9.1 Quality

Firms have two main dimensions of choice in determining the nature of the product: what level of quality to offer, and how much variety. Quality is something that all consumers want and agree upon (durability, safety, reliability, etc.) In contrast, variety is a matter of taste (i.e. color, form, etc.)

Quality under Competition and Monopoly

The key in analyzing quality is to distinguish between the product that is sold in the market and what the consumers are really interested in -- the underlying service. (i.e. ends and means, such as gasoline is an end to road mileage). The quality of a good is the service provided per physical unit (the umph). 
Suppose there are a fixed number N of competitive firms. The nth firm produced quantity q at a certain quality level, l. The representative firm's output of the service z can be written as
\(z_n \equiv \ell _n * q_n\)
If users are fully informed, the price of each firm's product will reflect its quality. Although consumers pay a direct dollar price P, what underlies that price is the price of the service, denoted as \(\mathbb{P} _n\). Therefore the prices of different brands much reflect the product quality offered:
\(P_n = \ell _n * \mathbb{P} _z\)
What determines the underlying price of the service? Under conditions of perfect competition, the answer, as usual, is supply and demand. The demand curve shows what consumers are willing to pay for amounts of service offered on the market. The supply curve shows the amounts of service that the firms are willing to provide at each price. 
Recall that competitive firms determine output by setting their Marginal Cost of the product equal to the market price.
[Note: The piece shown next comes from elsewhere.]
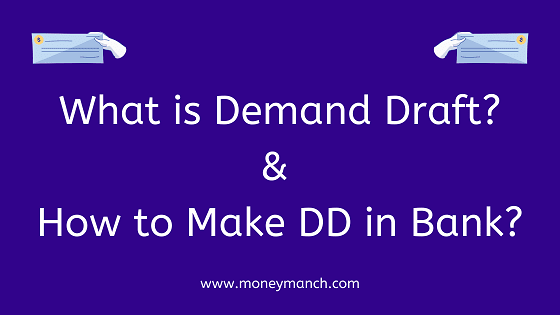 what-is-demand-draft-how-to-make-dd-in-bank-moneymanch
With this difference in quality, now each firm chooses the profit-maximizing amount of the service to offer:
\(\mathbb{P} _z = MC_z\)
Proposition: For any amount of service generated, the firm's quality and quantity choices are correctly balanced when the MC of expanding service by increasing quantity and the MC of expanding service by improving quality are equal. The true (lowest) MC of providing the service is the same as both these MCs when these are equal:
\(MC_z = MC _q = MC_\ell\)
The key point is that since consumers are really buying the underlying service, quality differences will be fully reflected in higher and lower prices. 
What about monopolies? We already know that they provide a smaller quantity of a product than a competitive industry. Is there reason for it to offer lower quality as well?
The monopolist will set its MC equal to its MR, both now defined in terms of service:
\(MC_z = MR_z\)
The answer is that changes in service output are best achieved by balanced adjustments of both quantity and quality. Therefore, the smaller service output of a monopoly will also involve some combination of reduced quantity and lower quality. 
What about innovation? What about cartels? If consumers are fully informed, a quality-improving innovation is equivalent to a cost-reducing innovation. Neither would be suppressed by a profit-maximizing monopolist. Normally, consumers also gain. Cartels would now have to control cheating in two directions -- quantity and quality. An example of this was when airlines fixed their international prices. The airlines were allowed to provide sandwiches, which eventually became the margin on which they increased, leading to sumptuous meals. 

9.2  Variety

How do product markets respond to variations in consumer tastes or needs? Many aspects will arise in various combinations to meet consumer's demand. An application of this has been religion. Countries with low variance of religion have been found to exhibit extremely low levels of church attendance, vs. countries like the US that offer myriads of religions and have relatively high attendance. These variations fit consumers' preferences. 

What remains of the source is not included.